One was a brilliantly funny show called Have I Got News For You!, based on a long-running British radio program. Too complex to try to describe here, but it combined comedy, current events, and quiz show elements in a way I’d never seen before. In the 15 years since I first saw it, this remains one of my favorite programs in the world.
A less impressive show was Good Fortune, an odd combination of Queen for a Day and This Is Your Life. It was shot in front of a studio audience, and basically it consisted of the host bringing audience members onstage and surprising them with the news that they were recipients of inheritances they had not known about. (Some got money from the wills of distant relatives; one received the proceeds from a pension fund he had not know he had contributed to.)
Another program — apparently not very well known — was The Trial. It was a reality-based show involving real crimes but done quite differently than in America.
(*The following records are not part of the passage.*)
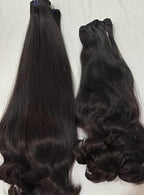 Brazilian Body Wave Lace Front Wig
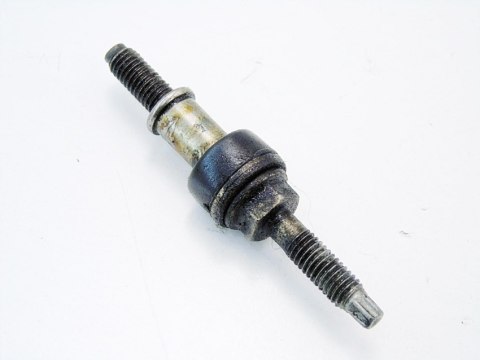 ŚRUBA POKRYWY ZAWORÓW 3.0 D BMW X5 X6 E70 E71 E60 E90 E61 X3 ŚRUBA POKRYWY ZAWORÓW 3.0 D BMW X5 X6 E70 E71 E60 E90 E61 X3
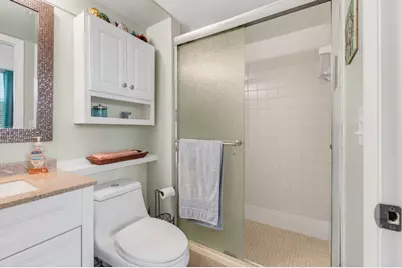 10 Willowbrook #205, Delray Beach, FL 33446 - Photo 39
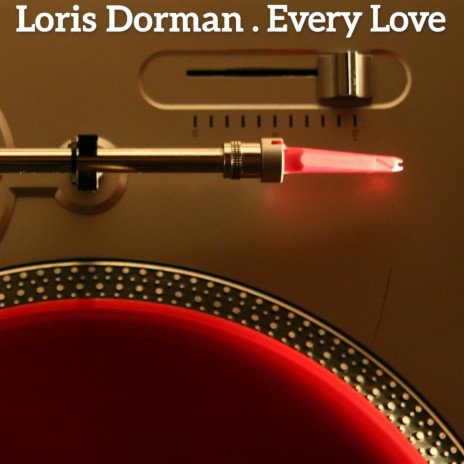 Every Love | Boomplay Music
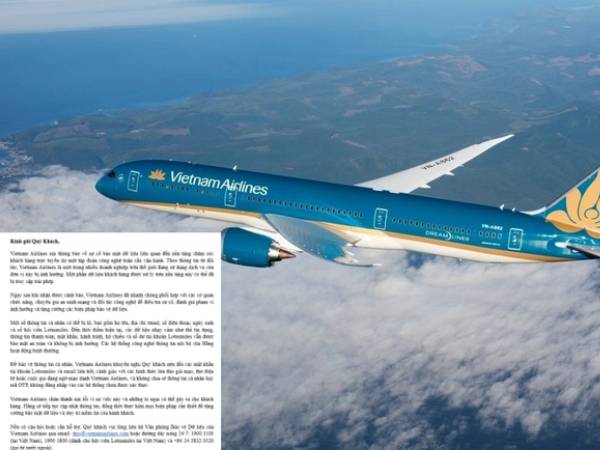 Ảnh bìa bài viết 1015665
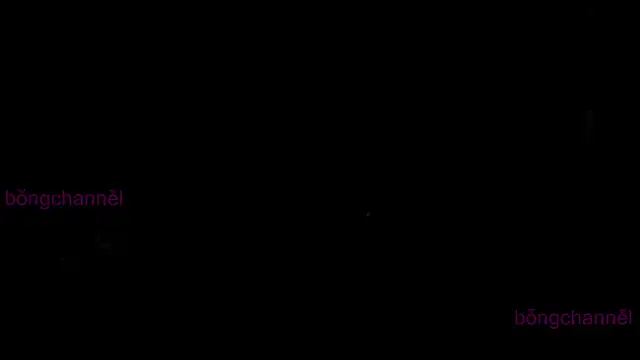 BongChannel online show from January 25, 2025, 4:13 am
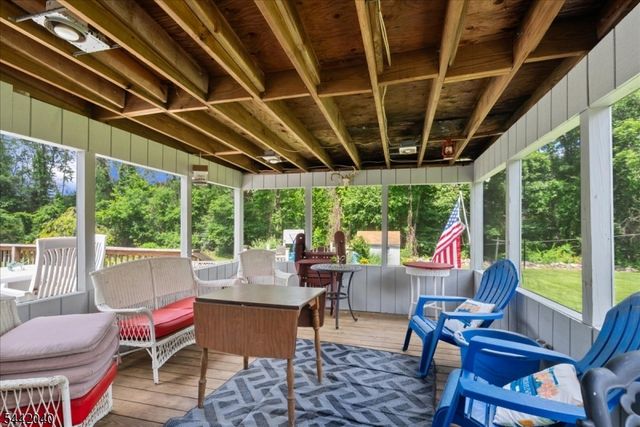 5 Bethel Ct, Vernon Twp., NJ 07461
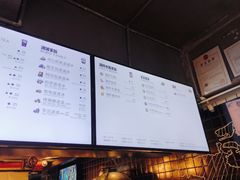 -喜茶(东莞雍华庭店)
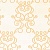 Тюль 5Avenue R248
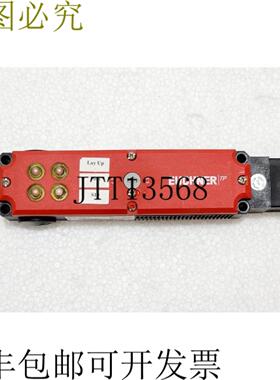 供应EUCHNER TP4-4141A024SEM4AS2  TP44141A024SEM4AS2已测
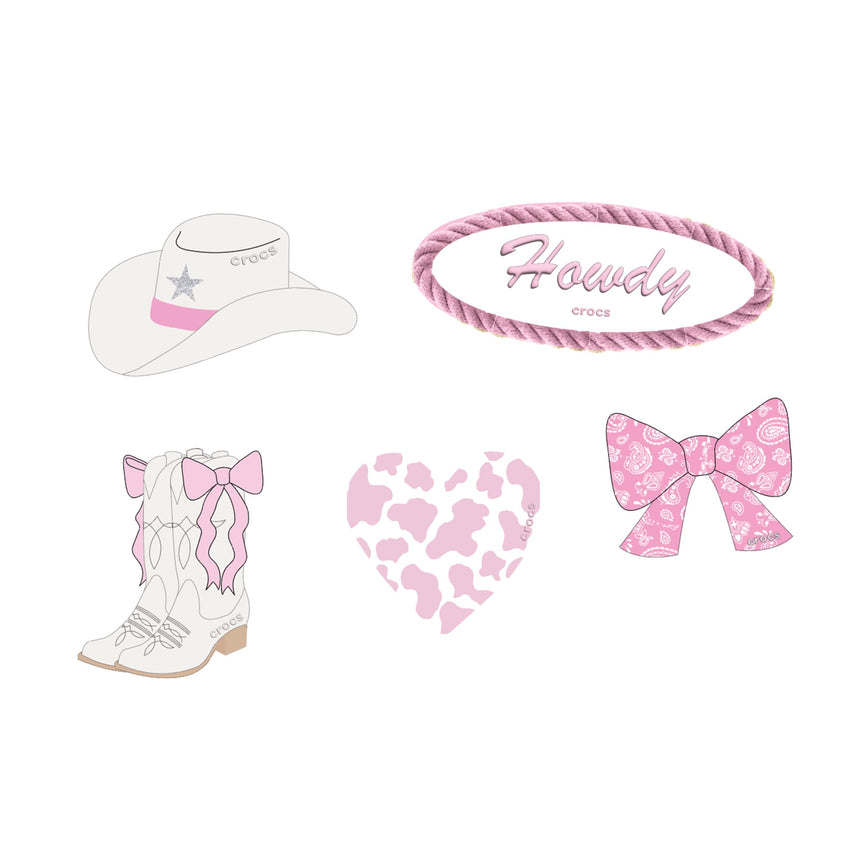 Jibbitz (5) - Rodeo Cowgirl-Crocs-CR1-10018370-CLÉMENT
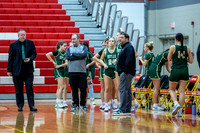 Boylan Girls Varsity Basketball vs Jefferson 12-20-2023-0004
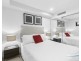 4105/15 Anderson Street, Kangaroo Point QLD 4169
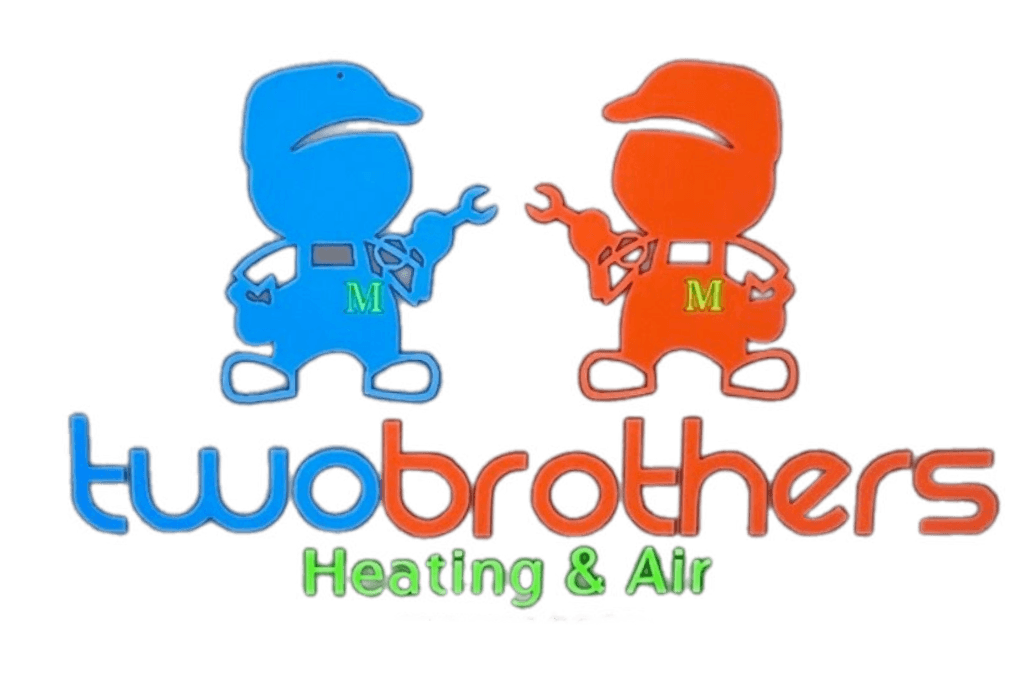 twobrosheatingandair.com favicon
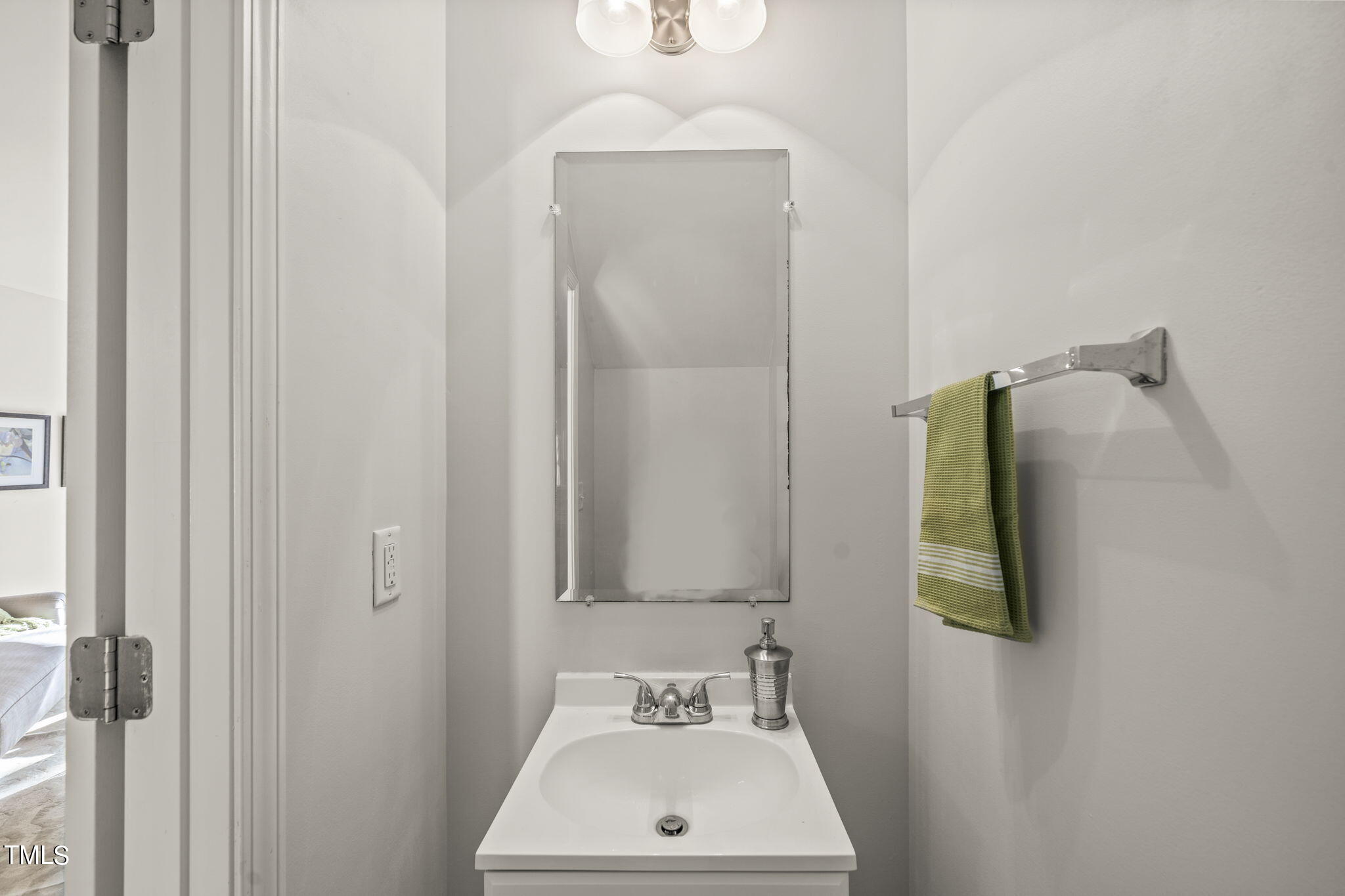 100 Stratford Lakes Drive # 308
Each episode followed one particular trial from beginning to end and on through appeal (if there was one).
They videotaped inside the courtroom (where the participants acted surprisingly like the ones on Rumpole of the Bailey), and both the defendant and the defense attorney made themselves quite accessible to the program throughout.
The defendant — who, in this episode, claimed innocence of attempted armed robbery — told his story to the camera, which showed what his life in prison was like while awaiting trial. The defense attorney provided analysis of each day’s courtroom proceeding.
If this episode fairly represented the British judicial system, it certainly seems easier to convict someone in England than it is in the U.S. Imagine this:
The prosecution had no physical evidence directly connecting the accused to the crime. Although there were several eyewitnesses who saw the perpetrator up close, none was able to pick the defendant out of a line-up. They all agreed the robber resembled the accused, but none was certain it was he…and one witness went so far as to say the real criminal definitely was taller than the defendant.
So….What evidence was there? A bag similar to the one used by the robber was found at the home of the defendant’s brother (although it was not established the defendant had ever been there). And a former friend of the accused told police the defendant told him he had committed the crime.
The other show I saw was Don’t Forget Your Toothbrush — the title of which came from the fact that at the end of the program, two audience members were sent either to some exotic locale (that week, Grenada) or — if they responded with too many wrong answers to their quiz questions — to some ugly locale in England. And they left immediately after the show.
Prior to this, however, there were several quite silly participation stunts. One featured contestants who entered an elevator in the building that housed the studio. With a couple of dozen floors to choose from, each contestant had a minute or two to stop at as many floors as possible. (For some reason, they didn’t simply go up one floor at a time; they picked floor numbers and jumped around.)
There was a camera inside the elevator. At each floor, when the door opened they either saw a suitcase full of money (which they ran out and grabbed, then returned to the elevator)…or they saw someone with a bucket of water, which promptly was thrown at the contestant.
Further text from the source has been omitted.